UFAWU still waiting for response from Feds on fishery crisis

"The minister hasn't even bothered sending us a letter, or even acknowledging our letters," -- UFAWU Northern Representative Joy Thorkelson outlining the response thus far from the Federal Government on vital fishery issues on the north coast.

Joy Thorkelson has called returns on the Nass the worst she's ever seen and the size of the fishing fleet setting out from Prince Rupert this year is the smallest in memory, highlighting a number of concerns over the state of the Pacific salmon fishery this year.

With the fishery in a crisis mode as far as UFAWU is concerned, the union is seeking out assistance from the Federal Fisheries Minister Loyola Hearn, a request that so far hasn't been making much headway nor gained much comment.

The Daily News featured the fishery situation on the North Coast as their front page story in Friday's paper.

Licence holiday, one-off payment called for from feds to offset a 'desperate' summer
By Kris Schumacher
The Daily News
Friday, July 11, 2008
Pages one and three

Despite having sent a letter to Fisheries and Oceans Minister Loyola Hearn more than three weeks ago regarding the West Coast fisheries crisis, the United Fishermen and Allied Workers' Union is yet to receive a response from the federal department.

UFAWU Northern Representative Joy Thorkelson says fishing on the Nass River has been the worst she has ever seen, and that based on the most recent escapement numbers the Skeena fishery "doesn't look good either". In 2007, the fishery only opened for a total of seven days, and even with significantly fewer boats planning to fish the North Coast this year, the commercial fleet will undoubtedly be taking even fewer fish this season.

"There are only 200 boats up here, the smallest fleet we've ever had," said Thorkelson.

"I'd guess the peak last year was 350, the normal fleet size we've had over the last four years has been 450 boats, and there are just over 650 licences for the North Coast.

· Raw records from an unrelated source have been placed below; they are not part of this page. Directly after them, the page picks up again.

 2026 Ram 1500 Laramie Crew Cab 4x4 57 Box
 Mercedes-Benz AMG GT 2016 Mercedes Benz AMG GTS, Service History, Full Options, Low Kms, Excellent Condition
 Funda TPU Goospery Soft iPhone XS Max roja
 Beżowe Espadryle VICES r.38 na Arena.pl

So because of the price of fuel, among other things, the rest of the guys are desperate. They're trying to find another job or they're on welfare, and our problem is that their boats aren't being maintained, because next year should be a decent year."

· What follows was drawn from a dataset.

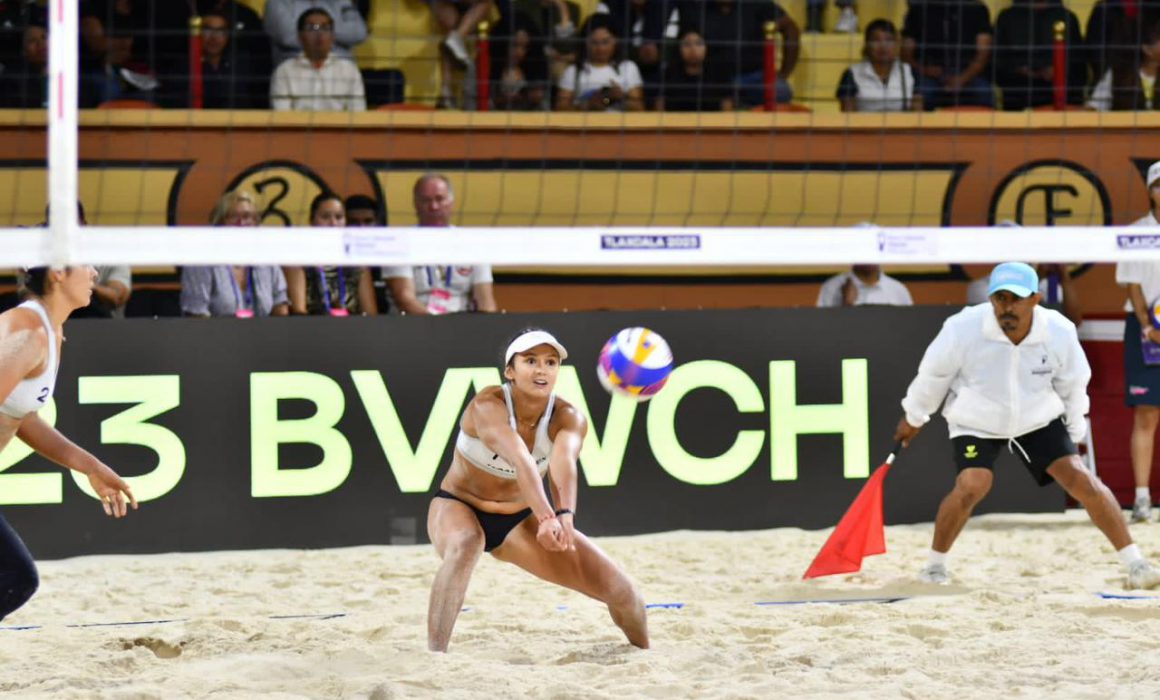 Obsequia ayuntamiento de Huamantla boletos para los partidos del Campeonato Mundial de Voleibol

On June 18, at Thorkelson's request, Prince Rupert city council sent a letter to Fisheries and Oceans Canada asking for a licence holiday and a one-time payment to boat owners for maintenance for fishermen who voluntarily tied up this season, because most will find it difficult to even turn a profit with the culmination of low fish numbers and high gas prices. In fact, fishing groups from all over B.C. have sent requests to DFO asking for relief to get them through what will surely be a disastrous summer.

"The minister hasn't even bothered sending us a letter, or even acknowledging our letters," said Thorkelson.

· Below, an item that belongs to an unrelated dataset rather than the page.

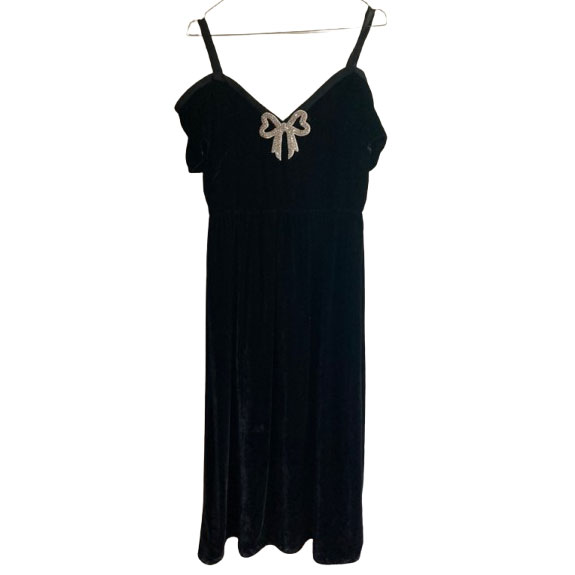 Saloni Clementine liquid velvet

"Down south it's just as much of a crisis. If they fish, in all likelihood they won't fish until September."

Skeena-Bulkley Valley MP Nathan Cullen signed his own copy of the letter requesting a commercial licence holidays and sent it to Minister Hearn.

Cullen sent the letter earlier this week, and says he is in full agreement with fishermen on the need for short-term solutions while a long-term strategy is sought. He recognizes that fishing this season is not worth the costs, as it is simply too expensive for the commercial fleet to be out on the water, and yet people are still trying to make a living.

"The government could play a very significant role, and I think it's just about paying attention to this fishery and recognizing that it's in a state of crisis and that the government does have a role in it," said Cullen.

"The government can say that they're interested or concerned, but it's all in the actions. And so far they've shown themselves to be dismissive of this reality. We're going to put a call in to the office to try and hurry things along, but this is not something they can ignore. It's just irresponsible and uncaring."

"This has been the slow and steady decline of the ability to fish on this coast," said Cullen.
"It's been a combination of low fish returns, mismanagement, and the federal government not paying enough attention to the Northwest. It's quite discouraging.

"There are signs of hope, in terms of getting a better management plan for the whole Skeena, one that we control a lot more of. I'm cautiously optimistic, not about this particular fishing season, but the long-term prospects of getting a more sustainable fishery here for people."